● The problem
Each line in the records below, from the one that contains "Últimos preparativos para" to the one that contains "Resita, 3 Cam.", should be reproduced exactly, the first and last included.
---- Data supplied
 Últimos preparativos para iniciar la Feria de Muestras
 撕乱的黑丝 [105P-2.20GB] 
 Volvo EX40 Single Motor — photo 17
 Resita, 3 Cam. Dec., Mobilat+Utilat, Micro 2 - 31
--------
---- Data supplied
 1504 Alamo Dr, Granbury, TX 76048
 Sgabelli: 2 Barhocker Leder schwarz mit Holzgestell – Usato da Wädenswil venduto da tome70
--------
● Solution for this exercise
 Últimos preparativos para iniciar la Feria de Muestras
 撕乱的黑丝 [105P-2.20GB] 
 Volvo EX40 Single Motor — photo 17
 Resita, 3 Cam. Dec., Mobilat+Utilat, Micro 2 - 31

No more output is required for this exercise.